Synthesizing Multiplication Using Shifts, Additions and Subtractions --- Booth’s Algorithm

In our previous discussion we only used shifts and additions. What if we were also allowed to use subtraction? Can we perform multiplication in fewer steps?

Yes, we can here’s an example why: Assume that the multiplier is 01110011110 in binary. Let’s rewrite this as 01110000000 + 00000011110, where we separated the two streaks of 1’s.

Now notice that A x 01110011110 can be rewritten as A x 01110000000 + A x 00000011110. With the previous method (adds and shifts) we will need three shifts for the first term, four shifts for the second term and so on. In addition we will need several additions to sum all these together.

Before proceeding with the example it is going to be helpful to realize that any binary number of the form 0..01..10..0 (where the 0…0 parts are optional), that is any number where all bits that are 1 form continuous sequence, can be rewritten as a difference of two binary numbers each with a single bit set to 1. For example, 011 = 100 – 001, 0110 = 1000 – 0010, 01111 = 10000 – 00001 and 0011000 = 0100000 – 0001000. In general if we have a number of the form 0…01…10..0 where the leftmost 1 is at position L and the rightmost 1 is at position R (where bit positions are numbered right to left, starting with 0) the number can be rewritten as (A – B) = (0…010…0 – 0…010…0) where the 1 in A appears at bit position L+1 and the 1 in B appears at position R.
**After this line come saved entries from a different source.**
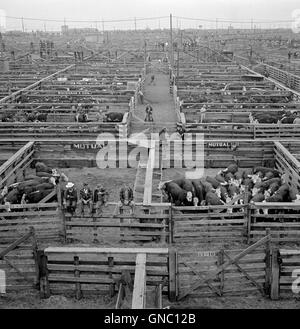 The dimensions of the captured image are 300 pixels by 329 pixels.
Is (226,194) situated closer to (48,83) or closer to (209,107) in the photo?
(209,107)

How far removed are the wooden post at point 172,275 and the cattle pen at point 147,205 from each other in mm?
19

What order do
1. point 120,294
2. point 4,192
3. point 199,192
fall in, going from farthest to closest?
point 199,192, point 4,192, point 120,294

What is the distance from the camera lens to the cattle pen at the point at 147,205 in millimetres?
7910

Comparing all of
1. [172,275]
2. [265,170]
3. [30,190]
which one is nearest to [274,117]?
[265,170]

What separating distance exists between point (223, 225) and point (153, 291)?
2.72 m

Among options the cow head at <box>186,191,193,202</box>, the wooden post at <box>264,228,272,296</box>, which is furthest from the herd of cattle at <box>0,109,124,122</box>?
the wooden post at <box>264,228,272,296</box>

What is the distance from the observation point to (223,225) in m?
10.1

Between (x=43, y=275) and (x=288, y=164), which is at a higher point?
(x=288, y=164)

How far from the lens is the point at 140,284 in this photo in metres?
6.98

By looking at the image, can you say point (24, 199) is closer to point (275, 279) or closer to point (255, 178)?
point (255, 178)

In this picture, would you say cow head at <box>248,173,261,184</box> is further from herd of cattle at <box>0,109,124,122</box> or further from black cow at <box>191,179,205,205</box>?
herd of cattle at <box>0,109,124,122</box>

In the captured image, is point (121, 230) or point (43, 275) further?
point (121, 230)

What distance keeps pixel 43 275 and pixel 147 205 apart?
3.06m

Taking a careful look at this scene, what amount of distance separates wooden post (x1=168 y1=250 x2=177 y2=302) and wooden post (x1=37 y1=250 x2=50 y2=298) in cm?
225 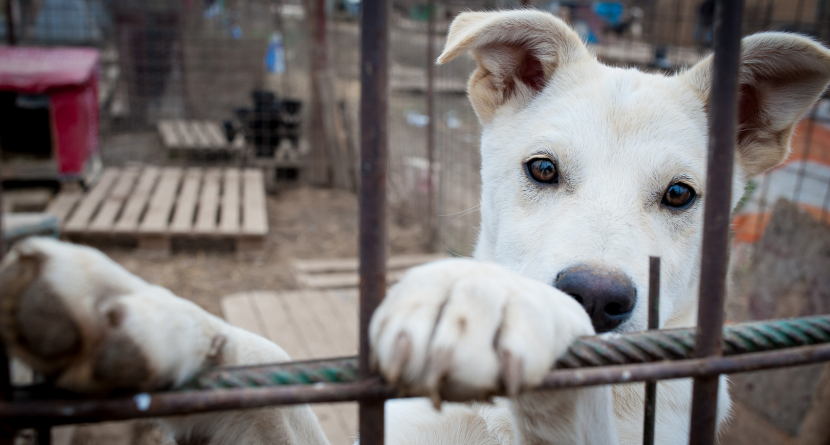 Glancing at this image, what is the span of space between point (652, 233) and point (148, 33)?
8.93 m

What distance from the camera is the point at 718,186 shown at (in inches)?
41.2

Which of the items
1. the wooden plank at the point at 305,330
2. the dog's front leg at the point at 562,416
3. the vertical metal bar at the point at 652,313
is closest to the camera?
the vertical metal bar at the point at 652,313

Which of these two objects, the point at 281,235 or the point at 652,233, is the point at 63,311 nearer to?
the point at 652,233

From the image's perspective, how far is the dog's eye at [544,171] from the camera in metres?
2.04

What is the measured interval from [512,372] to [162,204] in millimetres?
6395

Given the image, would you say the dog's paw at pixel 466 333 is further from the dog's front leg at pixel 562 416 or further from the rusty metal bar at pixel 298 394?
the dog's front leg at pixel 562 416

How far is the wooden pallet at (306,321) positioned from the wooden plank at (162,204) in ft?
5.50

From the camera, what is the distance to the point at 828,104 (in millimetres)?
7180

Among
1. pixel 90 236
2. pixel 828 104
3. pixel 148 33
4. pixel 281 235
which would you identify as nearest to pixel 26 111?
pixel 148 33

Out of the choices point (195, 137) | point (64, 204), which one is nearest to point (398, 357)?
point (64, 204)

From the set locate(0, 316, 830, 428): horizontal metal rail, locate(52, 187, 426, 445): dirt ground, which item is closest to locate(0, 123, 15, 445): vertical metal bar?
locate(0, 316, 830, 428): horizontal metal rail

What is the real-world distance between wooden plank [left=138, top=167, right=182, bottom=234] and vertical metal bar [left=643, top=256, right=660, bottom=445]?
5.58 meters

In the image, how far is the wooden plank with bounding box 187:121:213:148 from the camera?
27.5 feet

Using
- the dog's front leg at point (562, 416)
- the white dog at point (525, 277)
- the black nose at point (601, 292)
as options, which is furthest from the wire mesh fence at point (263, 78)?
the dog's front leg at point (562, 416) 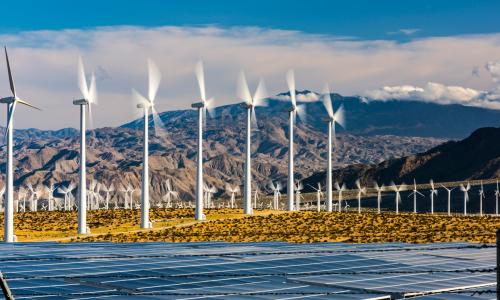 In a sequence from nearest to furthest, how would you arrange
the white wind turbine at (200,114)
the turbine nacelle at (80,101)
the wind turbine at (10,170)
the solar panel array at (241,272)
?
the solar panel array at (241,272)
the wind turbine at (10,170)
the turbine nacelle at (80,101)
the white wind turbine at (200,114)

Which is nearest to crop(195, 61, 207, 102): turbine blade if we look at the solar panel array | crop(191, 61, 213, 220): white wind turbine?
crop(191, 61, 213, 220): white wind turbine

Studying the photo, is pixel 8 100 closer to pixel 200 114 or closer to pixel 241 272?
pixel 200 114

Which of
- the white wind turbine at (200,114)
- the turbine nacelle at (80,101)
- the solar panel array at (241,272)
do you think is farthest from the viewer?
the white wind turbine at (200,114)

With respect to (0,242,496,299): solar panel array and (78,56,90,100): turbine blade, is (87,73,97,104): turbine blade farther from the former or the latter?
(0,242,496,299): solar panel array

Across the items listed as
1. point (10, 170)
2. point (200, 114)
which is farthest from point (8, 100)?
point (200, 114)

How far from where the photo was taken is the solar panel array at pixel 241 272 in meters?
36.1

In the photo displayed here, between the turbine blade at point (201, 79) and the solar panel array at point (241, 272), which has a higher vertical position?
the turbine blade at point (201, 79)

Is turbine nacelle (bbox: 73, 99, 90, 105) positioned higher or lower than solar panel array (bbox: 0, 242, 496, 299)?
higher

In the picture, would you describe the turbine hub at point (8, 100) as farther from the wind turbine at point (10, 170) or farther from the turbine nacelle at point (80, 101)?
the turbine nacelle at point (80, 101)

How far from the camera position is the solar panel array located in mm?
36094

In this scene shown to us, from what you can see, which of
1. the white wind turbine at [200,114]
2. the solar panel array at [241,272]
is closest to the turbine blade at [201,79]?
the white wind turbine at [200,114]

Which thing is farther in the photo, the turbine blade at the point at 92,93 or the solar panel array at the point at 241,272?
the turbine blade at the point at 92,93

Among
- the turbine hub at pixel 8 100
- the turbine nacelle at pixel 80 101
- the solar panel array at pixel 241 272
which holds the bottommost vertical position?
the solar panel array at pixel 241 272

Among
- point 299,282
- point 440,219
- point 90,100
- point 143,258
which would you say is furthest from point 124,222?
point 299,282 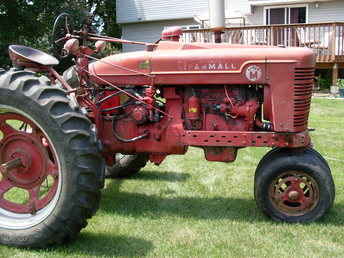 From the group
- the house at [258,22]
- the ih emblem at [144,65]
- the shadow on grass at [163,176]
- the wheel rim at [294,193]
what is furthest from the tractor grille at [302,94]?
the house at [258,22]

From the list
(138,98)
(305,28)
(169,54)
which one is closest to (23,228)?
(138,98)

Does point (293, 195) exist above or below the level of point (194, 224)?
above

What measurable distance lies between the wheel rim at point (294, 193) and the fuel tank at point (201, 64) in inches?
32.2

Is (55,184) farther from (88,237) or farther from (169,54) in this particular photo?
(169,54)

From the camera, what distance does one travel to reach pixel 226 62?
3.96 metres

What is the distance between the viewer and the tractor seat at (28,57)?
155 inches

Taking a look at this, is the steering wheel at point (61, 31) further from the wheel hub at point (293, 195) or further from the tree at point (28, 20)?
the tree at point (28, 20)

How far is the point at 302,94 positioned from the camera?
397 centimetres

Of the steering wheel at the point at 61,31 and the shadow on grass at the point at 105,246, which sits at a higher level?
the steering wheel at the point at 61,31

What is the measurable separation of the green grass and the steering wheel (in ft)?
4.92

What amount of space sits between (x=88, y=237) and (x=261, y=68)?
6.20 ft

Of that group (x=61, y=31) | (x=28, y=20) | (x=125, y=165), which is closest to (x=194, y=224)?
(x=125, y=165)

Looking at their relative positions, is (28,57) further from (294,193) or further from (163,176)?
(294,193)

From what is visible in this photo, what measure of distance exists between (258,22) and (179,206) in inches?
686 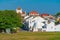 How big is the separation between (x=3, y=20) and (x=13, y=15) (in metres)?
7.16

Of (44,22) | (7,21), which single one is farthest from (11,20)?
(44,22)

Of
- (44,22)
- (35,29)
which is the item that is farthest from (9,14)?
(44,22)

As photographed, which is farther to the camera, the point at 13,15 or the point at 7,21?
the point at 13,15

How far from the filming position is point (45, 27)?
10506 centimetres

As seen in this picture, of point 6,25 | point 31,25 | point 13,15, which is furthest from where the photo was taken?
point 31,25

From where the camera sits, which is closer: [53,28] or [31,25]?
[53,28]

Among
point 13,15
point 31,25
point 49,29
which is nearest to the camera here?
point 13,15

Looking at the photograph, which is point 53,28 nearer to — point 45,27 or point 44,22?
point 45,27

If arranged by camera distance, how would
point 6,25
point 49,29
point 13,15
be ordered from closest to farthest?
1. point 6,25
2. point 13,15
3. point 49,29

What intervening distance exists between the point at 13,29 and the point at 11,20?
262cm

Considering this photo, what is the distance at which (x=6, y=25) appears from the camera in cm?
7950

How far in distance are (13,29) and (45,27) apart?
86.0 ft

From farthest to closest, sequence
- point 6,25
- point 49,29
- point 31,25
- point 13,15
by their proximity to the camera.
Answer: point 31,25 → point 49,29 → point 13,15 → point 6,25

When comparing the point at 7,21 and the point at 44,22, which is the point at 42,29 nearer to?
the point at 44,22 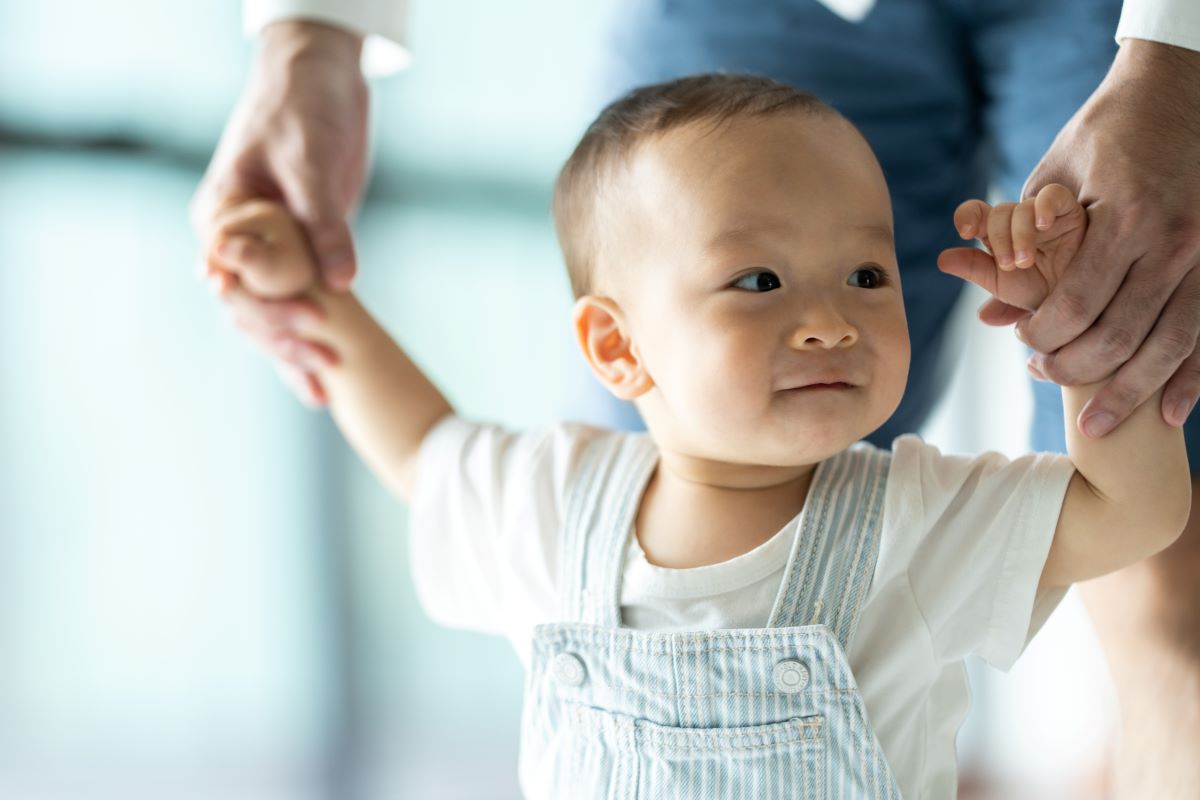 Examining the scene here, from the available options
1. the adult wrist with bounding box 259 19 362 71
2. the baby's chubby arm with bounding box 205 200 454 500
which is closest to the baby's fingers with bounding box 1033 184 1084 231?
the baby's chubby arm with bounding box 205 200 454 500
So returning to our example, we had A x 01110011110 = A x 01110000000 + A x 00000011110.

But, 01110000000 can be further rewritten as (10000000000 - 00010000000), so A x 01110000000 can be written as A x 10000000000 – A x 00010000000. The last expression requires just two shifts and one subtraction.

Similarly, A x 00000011110 can be rewritten as A x 00000100000 - A x 00000000010. For this calculation we need just two shifts and a subtraction.

In summary A x 01110011110 can be calculated as (A x 10000000000 – A x 00010000000 + A x 00000100000 - A x 00000000010)

In general, if we need to calculate A x B we write B in binary and then starting from the rightmost bit and moving towards the left we do:

1. result = 0

2. If the current bit at position i is 0, move to the next bit (i = i + 1) and repeat this step, else result = result - A x 2^i and move to step 3.

3. If the current bit at position i is 1, move to the next bit (i = i + 1) and repeat this step, else result = result + A x 2^i and move to step 2.

This algorithm is known as Booth’s Algorithm for multiplication. The reason we discuss this algorithm is that it is important to know that further optimizations may be possible when doing arithmetic or other operations. So, when designing circuits or algorithms to perform these operations it is always important to check what is the best algorithm that exists and that better matches your problem (certain things are faster/preferable in hardware than in software and vice versa).